The calculated hybrid-Hamiltonian band structure of (a) perfect (6,6) SiC nanotube supercell, (b) hydrogen bound to carbon atom (C-H defect) in the outer configuration, (c) C-H defect in the inner configuration, and (d) hydrogen bound to silicon atom (Si-H defect) in the outer configuration in (6,6) SiC nanotube 96-atom supercell close to the band gap. The solid and dotted lines represent the spin-up and spin-down bands in defective supercells, respectively. The spin-up donor level in the band gap is occupied by one electron for C-H defects. The unoccupied spin-down acceptor level falls in the gap for Si-H defects.

Figure 6

(Color online) Optimized geometry of the closest pair of hydrogen atoms in (6,6) SiC nanotubes: (a) H-C-Si-H, (b) $\mathrm{H}\left(u\right)\text{−}\mathrm{C}\text{−}\mathrm{Si}\text{−}\mathrm{H}\left(d\right)$, (c) $\mathrm{H}\left(d\right)\text{−}\mathrm{C}\text{−}\mathrm{Si}\text{−}\mathrm{H}\left(u\right)$, (d) H-C-Si-C-H, and (e) H-Si-C-Si-H defect. The large yellow (smaller cyan) balls are the silicon (carbon) atoms, while the smallest ball represents the hydrogen atom. The localization of the highest occupied level is also shown. The red (blue) transparent lobes depict the positive (negative) value of the wave function.

Figure 7

(Color online) The calculated formation enthalpy of (a) C-H@(8,0), (b) Si-H@(8,0), (c) C-H@(6,6), and (d) Si-H@(6,6) defects in the outer configurations. The five lines from bottom to top are associated with a partial pressure of the appropriate species of 1, 0.1, 0.01, 0.001, and $0.0001\mathrm{atm}$ in red, magenta, violet, blue, and green colors, respectively. In (e), the temperature and pressure dependency of the chemical potential of single hydrogen atom are shown. The top five straight lines correspond to the ${\mathrm{H}}_2$ source while the bottom five dotted lines correspond to the atomic H source. The five lines show the chemical potential at different values of the partial pressure depicted on the lines in atm and also colored as explained above.
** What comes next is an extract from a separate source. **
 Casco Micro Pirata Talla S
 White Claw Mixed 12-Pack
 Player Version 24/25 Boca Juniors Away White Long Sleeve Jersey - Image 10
The zero value of the chemical potential is set to the total energy of the species in vacuum without the zero-point energy.

Figure 8

(Color online) The calculated formation enthalpy of (a) H-C-Si-H@(8,0) and (b) H-C-Si-H@(6,6) defects assuming ${\mathrm{H}}_2$ gas in the environment and thermal equilibrium. The five lines from bottom to top are associated with a partial pressure of ${\mathrm{H}}_2$ gas of 1, 0.1, 0.01, 0.001, and $0.0001\mathrm{atm}$ in red, magenta, violet, blue, and green colors, respectively.

Figure 9

(Color online) The optimized geometry of boron and hydrogen complexes: large yellow (smaller cyan) balls are the silicon (carbon) atoms. Boron (smaller green ball) and hydrogen (small white ball) atoms are labeled. (a) ${\mathrm{B}}_{\mathrm{C}}\mathrm{H}$ complex and the calculated total charge density (ice-blue color). (b) ${\mathrm{B}}_{\mathrm{Si}}\mathrm{H}$ complex and the calculated total charge density (ice-blue color). (c) ${\mathrm{B}}_{\mathrm{Si}}\mathrm{H}$ complex and the calculated localization of the highest occupied level. The red (blue) transparent lobes depict the positive (negative) value of the wave function.

Figure 10

(Color online) The optimized geometry of nitrogen and hydrogen complexes: large yellow (smaller cyan) balls are the silicon (carbon) atoms. Nitrogen (small deep blue ball) and hydrogen (smallest white ball) atoms are labeled. (a) Metastable ${\mathrm{N}}_{\mathrm{C}}\mathrm{H}$ complex and the calculated localization of the highest occupied defect level. (b) ${\mathrm{N}}_{\mathrm{C}}\mathrm{H}$ complex and the calculated total charge density (ice-blue color). (c) ${\mathrm{N}}_{\mathrm{C}}\mathrm{H}$ complex and the calculated localization of the highest occupied level. The red (blue) transparent lobes depict the positive (negative) value of the wave function.